Hasan Ansari SOM ’14 understands the competition for investors in New Haven. Ansari worked with a team through YEI to create TummyZen, a brand of antacid. He said he and his team struggled to raise money in the New Haven area to produce their pills and market the product online and in local pharmacies. Fortunately, using School of Management grants and YEI grants, Ansari and his team developed a website and created the first batch of their product last fall. He said that without the grant his team would have been out of luck.

Soderstrom believes that New Haven is not unique in the challenges it has faced in attracting investors. Only Cambridge and Silicon Valley, he said, do not suffer to the same extent from a similar lack of investors. Of all venture capital firms in the nation, Feldman predicted 65 percent of them are concentrated on one mile on Sand Hill Road in Menlo Park, a town near Palo Alto.

Nevertheless, Feldman does not think it’s really an issue of capital, as Yale and New Haven have access to capital through Southern Connecticut, a center of private equity, as well as access to New York City. The issue, rather, is building critical mass of companies so that scientists feel comfortable switching between quality jobs.

“They key to biotech is that these firms want to be near each other,” said Alpern. “That’s why you have hubs like Silicon Valley and Cambridge, because if a person is starting a business, they know that, if it doesn’t work out, they can switch to another company without moving. When a biotech company chooses to not set up in New Haven, it’s because of the location and proximity to other companies.”

Alpern said that New Haven has started to build this necessary critical mass by providing businesses spaces, zoning approvals and grant permits.

Feldman added Pittsburgh and Cleveland are logical places to have high-tech centers because they have great technical universities — Carnegie Mellon and Case Western — and a very low cost of living. But the culture there also isn’t quite right and as a result, the critical mass of biotech companies has not been built. As the industry continues to grow, many experts in the field believe that New Haven should not strive to reach the level of Cambridge or Silicon Valley — rather, New Haven must put itself in a more competitive position to ensure that those with innovative ideas in biotech stay in the Elm City.

“New Haven doesn’t have to replicate anything, but it can be a very exciting and interesting biotech area with virtues independent of those,” Shannon said. New Haven’s relatively low cost of living is one such advantage.

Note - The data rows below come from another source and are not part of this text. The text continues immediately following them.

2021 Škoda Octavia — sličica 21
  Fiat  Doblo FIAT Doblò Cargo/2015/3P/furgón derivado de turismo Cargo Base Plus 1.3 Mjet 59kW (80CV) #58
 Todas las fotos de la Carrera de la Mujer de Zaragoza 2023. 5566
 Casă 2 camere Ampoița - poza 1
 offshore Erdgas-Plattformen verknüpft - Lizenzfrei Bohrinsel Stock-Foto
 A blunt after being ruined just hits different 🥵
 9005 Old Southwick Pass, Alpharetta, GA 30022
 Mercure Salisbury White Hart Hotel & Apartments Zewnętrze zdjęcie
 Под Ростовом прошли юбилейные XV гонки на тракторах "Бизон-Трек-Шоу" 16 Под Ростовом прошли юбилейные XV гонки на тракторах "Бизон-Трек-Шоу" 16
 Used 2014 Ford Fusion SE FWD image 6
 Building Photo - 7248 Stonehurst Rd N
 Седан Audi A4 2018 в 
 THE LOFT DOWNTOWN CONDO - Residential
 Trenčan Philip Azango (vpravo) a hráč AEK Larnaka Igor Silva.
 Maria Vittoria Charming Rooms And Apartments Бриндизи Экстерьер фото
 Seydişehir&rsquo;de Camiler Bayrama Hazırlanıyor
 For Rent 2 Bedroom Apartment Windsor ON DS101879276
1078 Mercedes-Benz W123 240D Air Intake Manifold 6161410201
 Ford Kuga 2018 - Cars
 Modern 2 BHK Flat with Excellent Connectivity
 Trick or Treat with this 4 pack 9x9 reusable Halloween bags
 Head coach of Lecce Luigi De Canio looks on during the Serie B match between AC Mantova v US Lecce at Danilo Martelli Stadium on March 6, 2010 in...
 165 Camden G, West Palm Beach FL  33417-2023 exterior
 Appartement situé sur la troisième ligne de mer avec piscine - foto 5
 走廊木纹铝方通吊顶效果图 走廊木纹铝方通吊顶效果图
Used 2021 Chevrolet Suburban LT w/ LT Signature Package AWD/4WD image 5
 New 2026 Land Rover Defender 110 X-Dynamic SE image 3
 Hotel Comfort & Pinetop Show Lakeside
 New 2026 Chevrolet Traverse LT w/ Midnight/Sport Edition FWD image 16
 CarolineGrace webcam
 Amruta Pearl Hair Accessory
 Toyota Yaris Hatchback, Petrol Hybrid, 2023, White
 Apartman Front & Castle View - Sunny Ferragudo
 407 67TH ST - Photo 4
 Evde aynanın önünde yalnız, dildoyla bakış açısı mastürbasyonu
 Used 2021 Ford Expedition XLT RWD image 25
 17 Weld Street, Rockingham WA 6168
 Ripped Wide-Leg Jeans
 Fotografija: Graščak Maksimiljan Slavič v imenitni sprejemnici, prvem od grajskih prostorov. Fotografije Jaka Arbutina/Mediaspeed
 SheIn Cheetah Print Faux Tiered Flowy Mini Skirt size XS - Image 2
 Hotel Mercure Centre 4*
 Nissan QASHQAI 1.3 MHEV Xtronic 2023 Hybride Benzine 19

The BiotechFierce article that ranked New Haven the 13th best biotech city in the country ended with the following statement: “Connecticut may not be the first place that biotech entrepreneurs have in mind when they start a company, but when the circumstances are right it can make a lot of sense.”

Soderstrom thinks that people are beginning to notice, adding that, “I don’t think it’s coincidence that I got an email from a CEO last week that was thinking about setting up in Cambridge and thinks they should be thinking about New Haven instead.”